Imagine we are porting a system (that uses paging) from using 32-bit virtual addresses to 64-bit virtual addresses. What needs to change in memory virtualization (ignore the other changes that will be required)? Can we do this entirely in software? Why or why not?

(8 points)

No, we cannot do this merely in software. Since we use paging, the page table structure will be very different, which requires not only software changes, but also changes in the hardware help we need in page tables. For the sake of efficiency and protection, a lot of paging is done through hardware.
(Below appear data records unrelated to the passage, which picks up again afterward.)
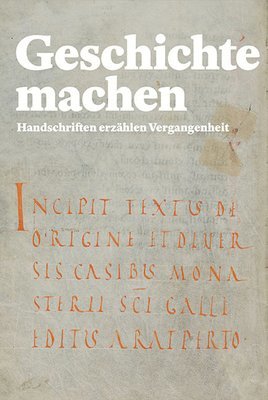 Cornel Dora - Geschichte Machen: Handschriften Erzahlen Vergangenheit, Häftad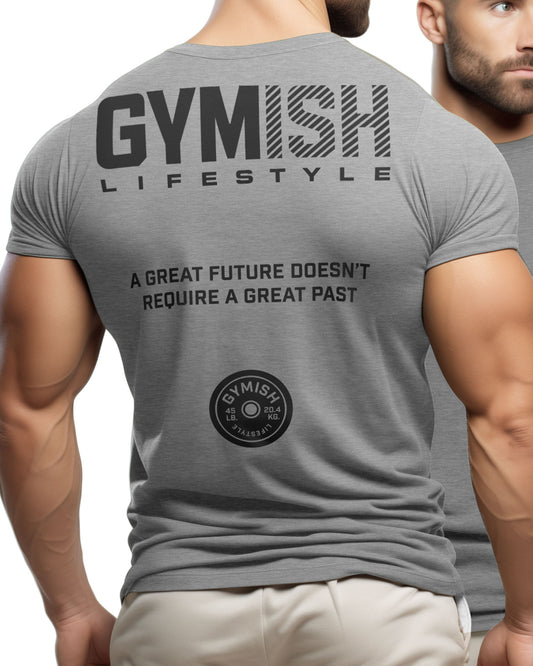 125. GYMISH Great Future Back Design Funny Workout Gym T-Shirt for Men T-Shirt GYMISH LIFESTYLE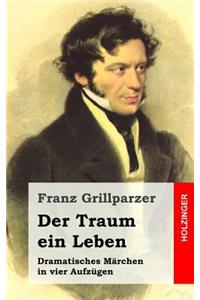 Der Traum ein Leben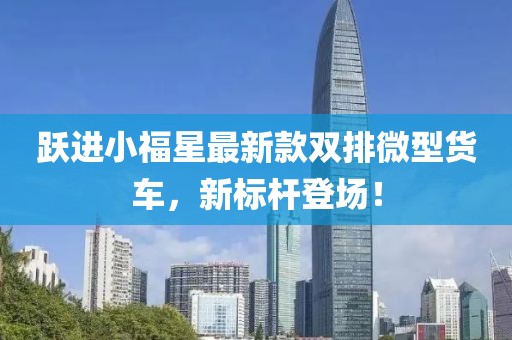 躍進(jìn)小福星最新款雙排微型貨車(chē)，新標(biāo)桿登場(chǎng)！
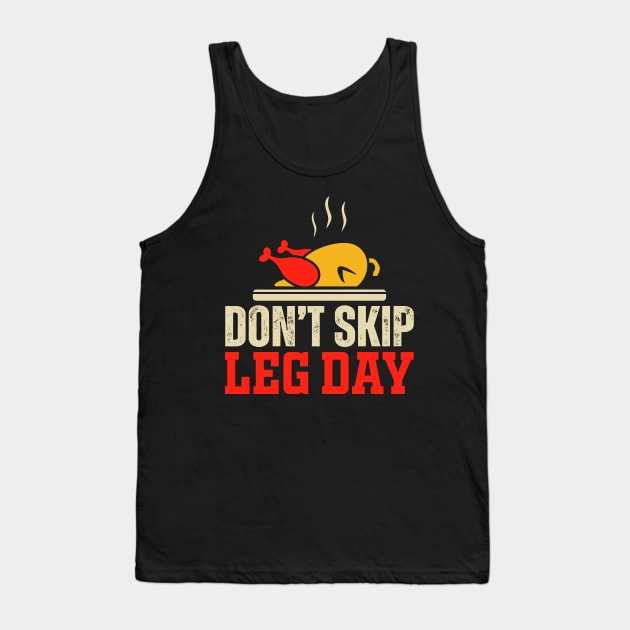 Don't skip leg day Tank Top by TEEPHILIC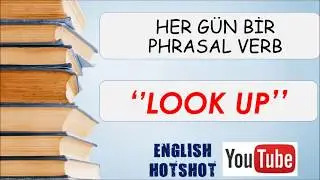 3 DAKİKADA ''LOOK UP'' - HER GÜN BİR PHRASAL VERB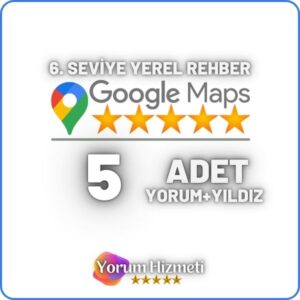 6 Seviye 5 Adet Google Yerel Rehber Haritalar Yorum Satın Al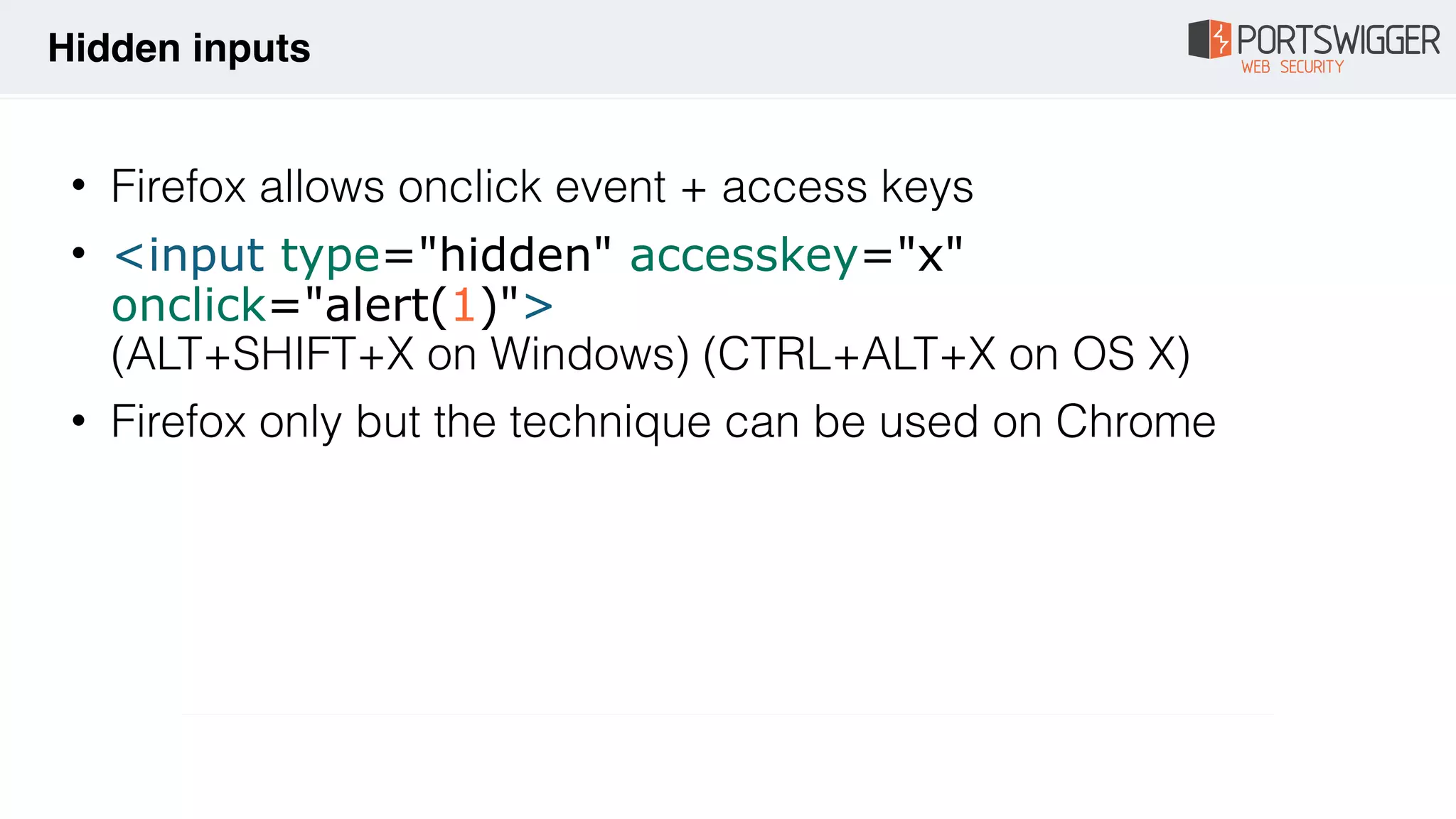 • Firefox allows onclick event + access keys
• <input type="hidden" accesskey="x"
onclick="alert(1)"> 
(ALT+SHIFT+X on Windows) (CTRL+ALT+X on OS X)
• Firefox only but the technique can be used on Chrome
Hidden inputs
 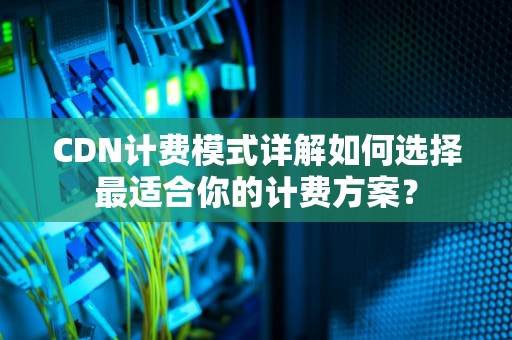 CDN计费模式详解如何选择最适合你的计费方案？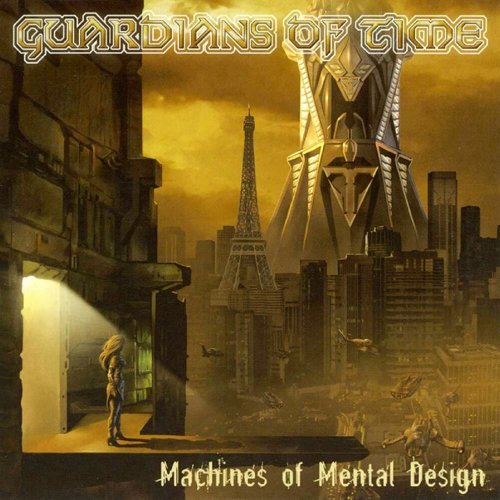 Guardians Of Time - Machines Of Mental Design (2003)
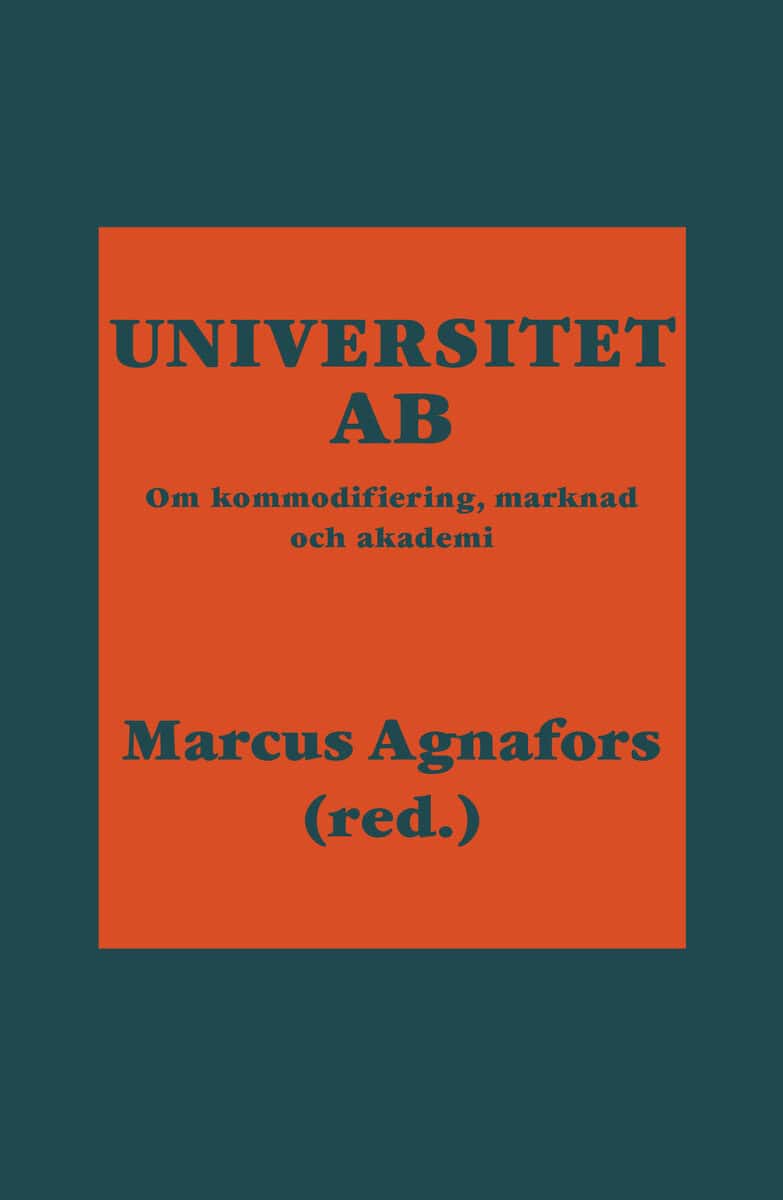 Agnafors, Marcus ; Angerwall, Petra ; Beach, Dennis ; Brommesson, Douglas ; Carlén, Margareta ; Erlingsson, Gissur Ó. ; Hyrén, Johan ; Karlsson Schaffer, Johan ; Puaca, Goran ; Rider, Sharon ; Waluszewski, Alexandra ; Ödalen, Jörgen : Universitet AB : om kommodifiering, marknad och akademi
When we translate the virtual address into physical address through paging, the hardware needs to get the first few digits (virtual page number, VPN) and go to the page tables to get the corresponding physical address and then apply the offset to get the exact physical address. 32-bit and 64-bit may have very different scheme regarding the size of VPNs/PPNs and offsets. For example, in the lecture of Multi-Level page tables, Professor gave the example that for 32-bit, there might be a 10-bit Page Directory, a 10-bit Page Table, and a 12-bit offset, whereas in 64-bit, there might be a 12-bit unused, four levels of 9-bit Page Tables (Global, Upper, Mid, Lower) and a 12-bit offset. These are not things we can easily handle in software, but rather to change the behaviors of hardware.

**Q11. Free**

When you pass a pointer obtained from malloc() to free(), how does it know how much memory to free?

(4 points)

First, malloc() and free() are not system calls themselves, but rather just library calls. Within them, there will be system calls actually performing memory related operations. Second, those system calls figure out how much to free with the help of hardware. Each piece of memory, when allocated, comes with a header, which includes the size of this piece of memory and likely some other information, such as a magic number. When we call malloc(), a header is automatically created and a piece of memory of desired size (plus the size of header) is allocated; when we call free(), the pointer (the argument of free()) is updated to the actual beginning of that piece of memory (i.e. pointing to the beginning of header) and the size information is there, so that the full piece of memory can be released.